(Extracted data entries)
"""

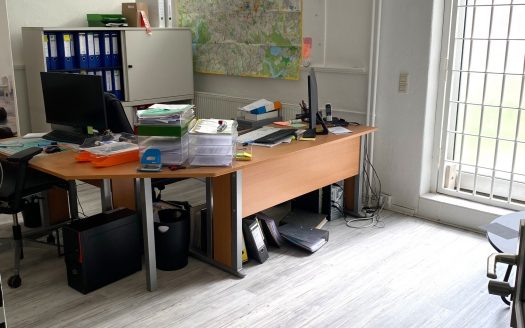 Alt-Hohenschönhausen/ Gewerberäume-Ladenlokal mit 20 m Schaufenster (vielseitig nutzbar)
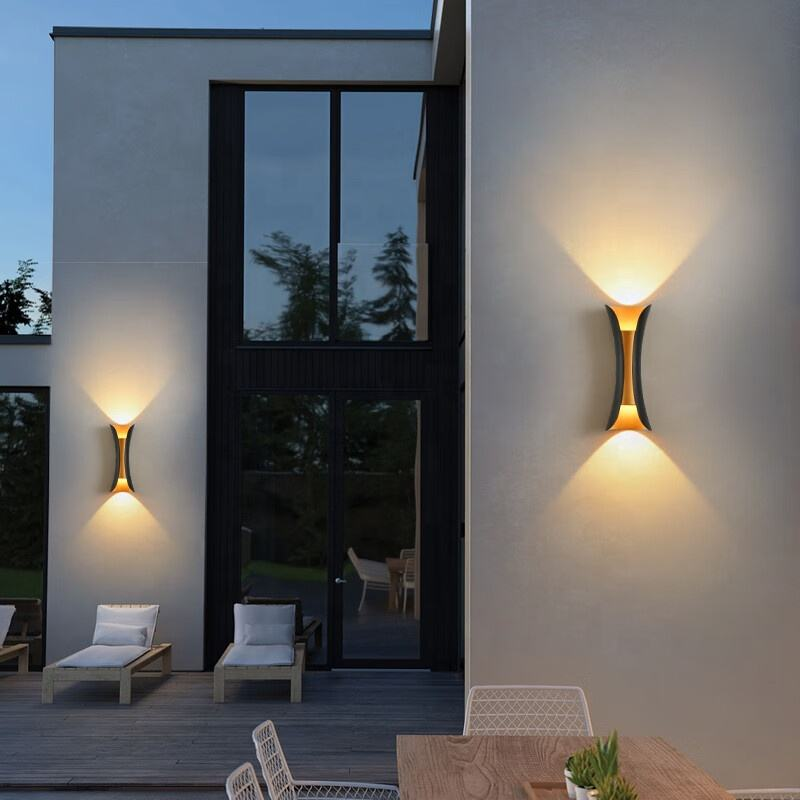 Outdoor Waterproof LED Wall Sconce Aluminum Body Decorative Bracket Wall Lamp for Hotels Villas Garden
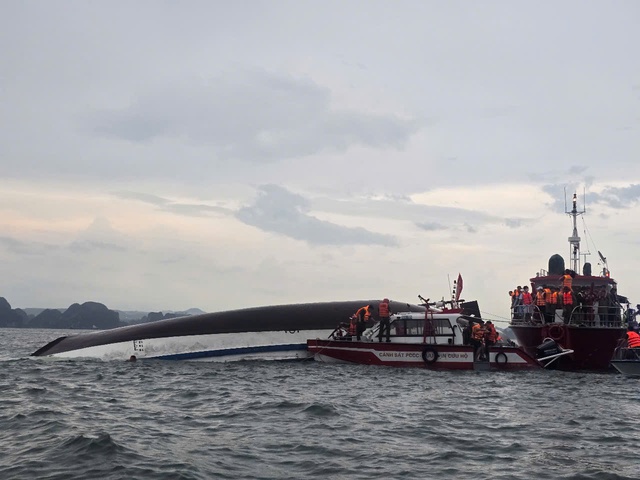 Vụ đắm tàu du lịch trên vịnh Hạ Long: Cứu được 12 người, tìm thấy thi thể 7 nạn nhân - Ảnh 3.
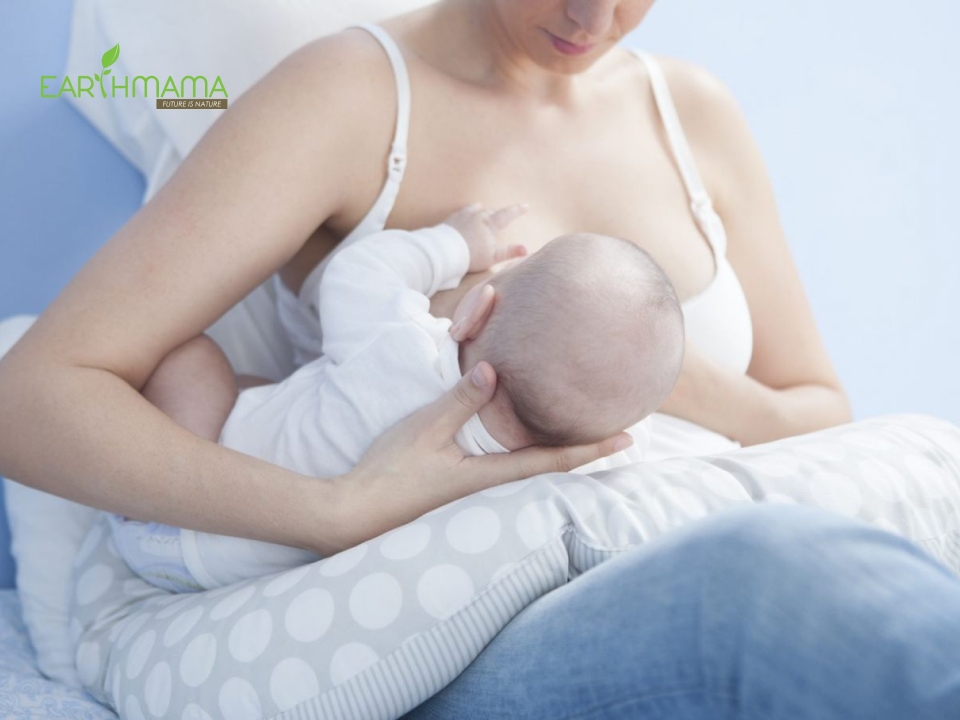 Vệ sinh ti bằng nước ấm để tránh bị nứt cổ gà
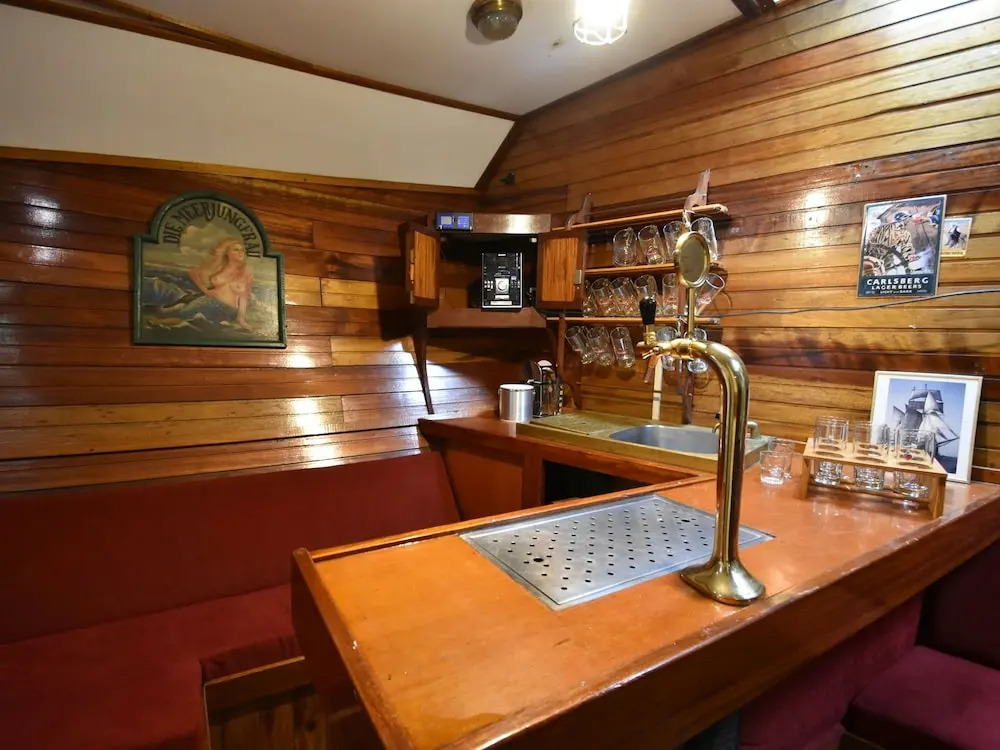 Lovely Boat in Rotterdam With Private Terrace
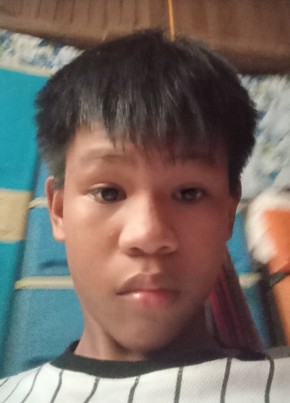 Rico Morales, 19, Pilipinas, Makati City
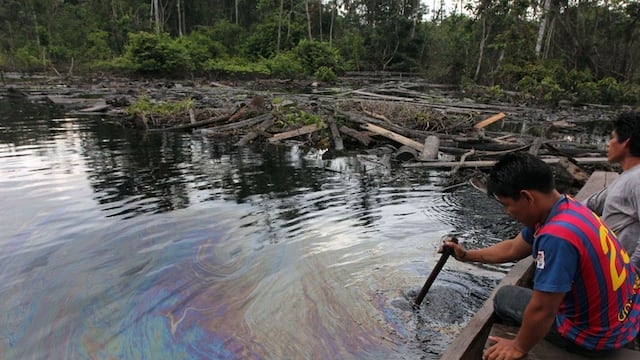 Indígenas piden emergencia en Amazonía tras derrame de crudo en laguna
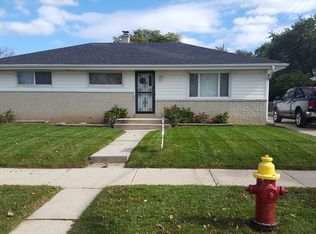 6626 S 26th St, Oak Creek, WI 53154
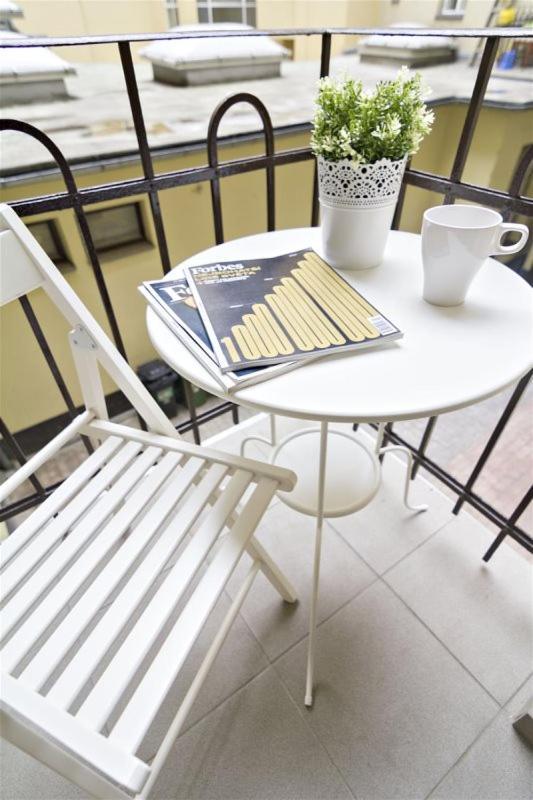 With 2 Bathrooms- 5 Minutes From Old Town - 102 M2 Appartement Prague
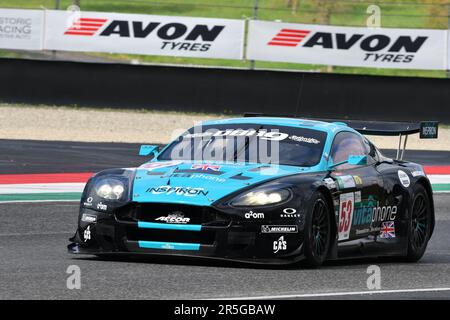 Scarperia, 2 avril 2023: Aston Martin DBR9 année 2006 en action pendant Mugello Classic 2023 au circuit Mugello en Italie. Banque D'Images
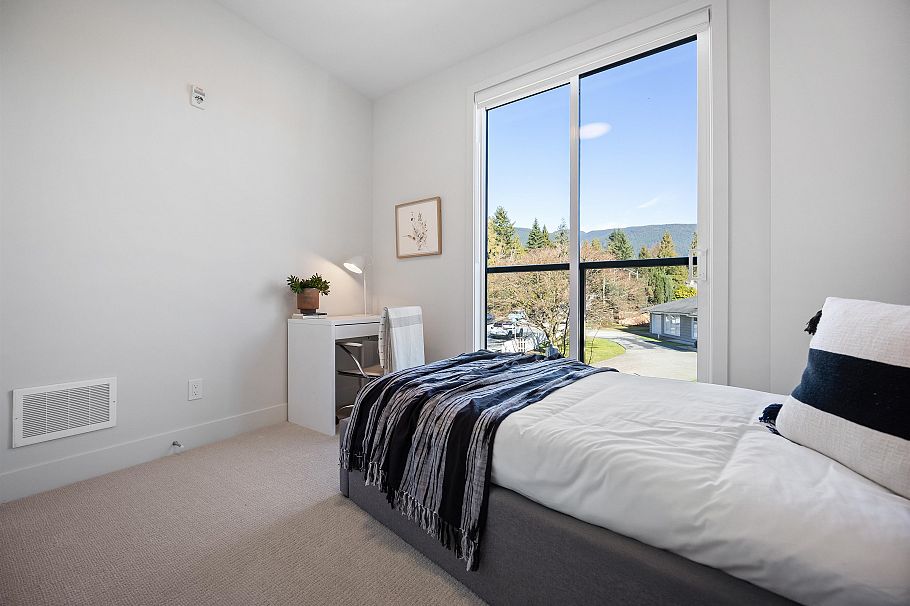 3114 Woodbine Drive North Vancouver, BC - 25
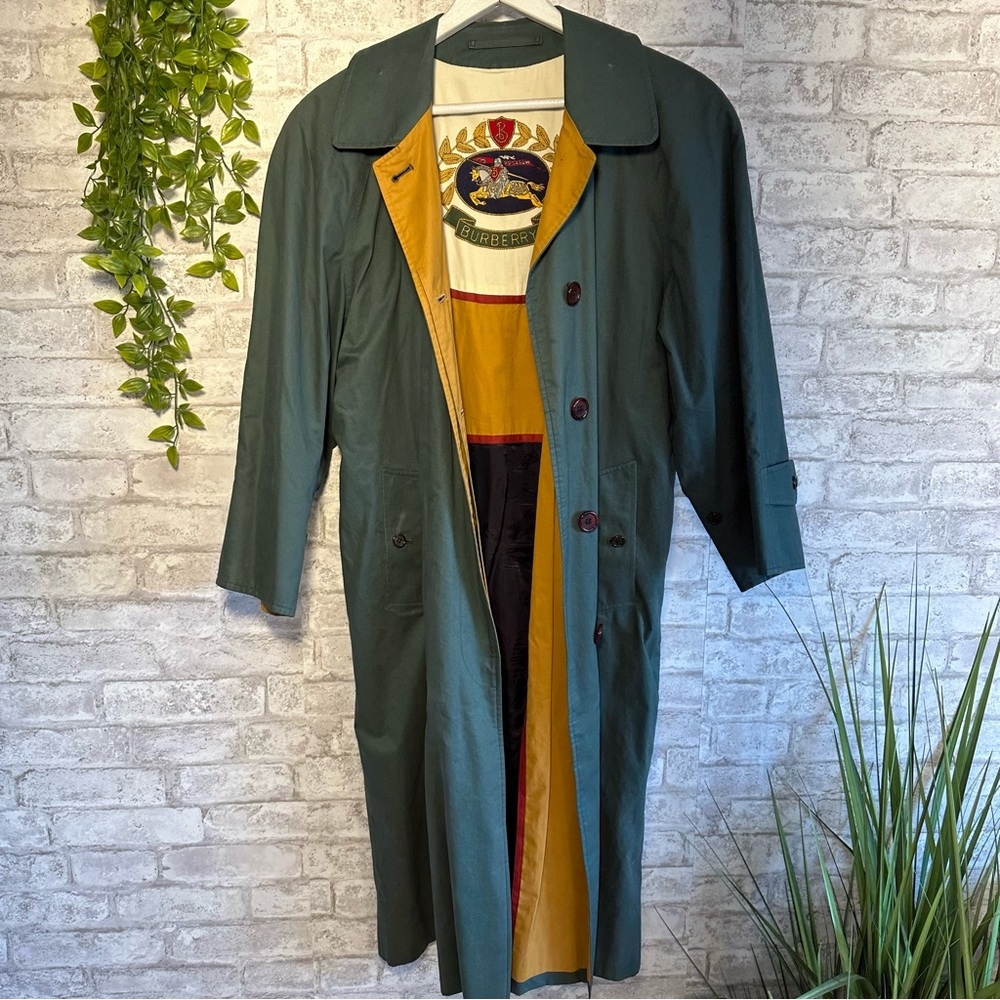 Vintage Burberry’s Trench Coat Women’s Medium Gray Designer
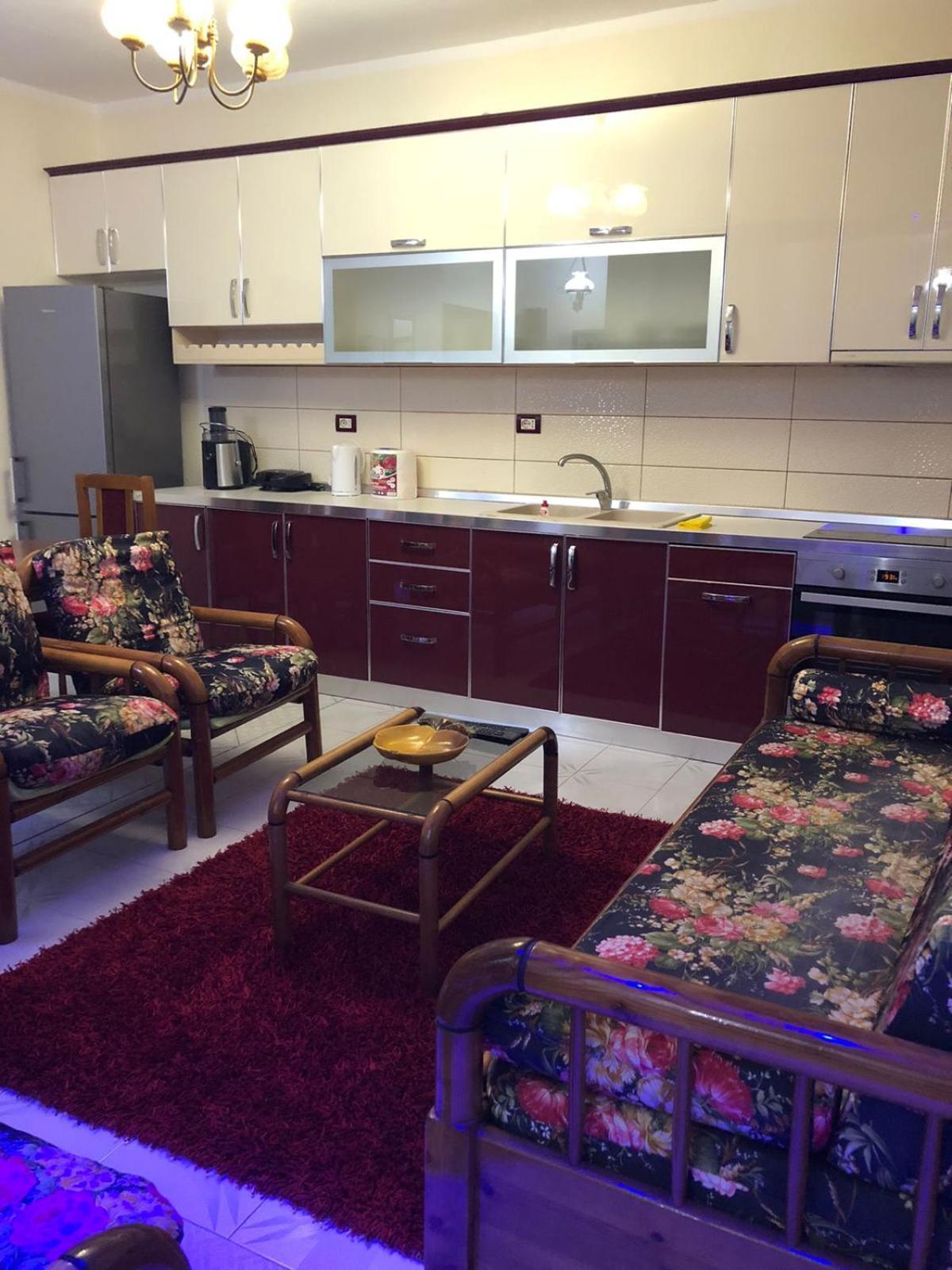 Grace Apartment City Center Тирана Экстерьер фото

"""

■ **The task**: Set the records down again exactly, and omit any picture in them.

■ **Output of the exercise**:
 Alt-Hohenschönhausen/ Gewerberäume-Ladenlokal mit 20 m Schaufenster (vielseitig nutzbar)
 Outdoor Waterproof LED Wall Sconce Aluminum Body Decorative Bracket Wall Lamp for Hotels Villas Garden
 Vụ đắm tàu du lịch trên vịnh Hạ Long: Cứu được 12 người, tìm thấy thi thể 7 nạn nhân - Ảnh 3.
 Vệ sinh ti bằng nước ấm để tránh bị nứt cổ gà
 Lovely Boat in Rotterdam With Private Terrace
 Rico Morales, 19, Pilipinas, Makati City
 Indígenas piden emergencia en Amazonía tras derrame de crudo en laguna
 6626 S 26th St, Oak Creek, WI 53154
 With 2 Bathrooms- 5 Minutes From Old Town - 102 M2 Appartement Prague
 Scarperia, 2 avril 2023: Aston Martin DBR9 année 2006 en action pendant Mugello Classic 2023 au circuit Mugello en Italie. Banque D'Images
 3114 Woodbine Drive North Vancouver, BC - 25
 Vintage Burberry’s Trench Coat Women’s Medium Gray Designer
 Grace Apartment City Center Тирана Экстерьер фото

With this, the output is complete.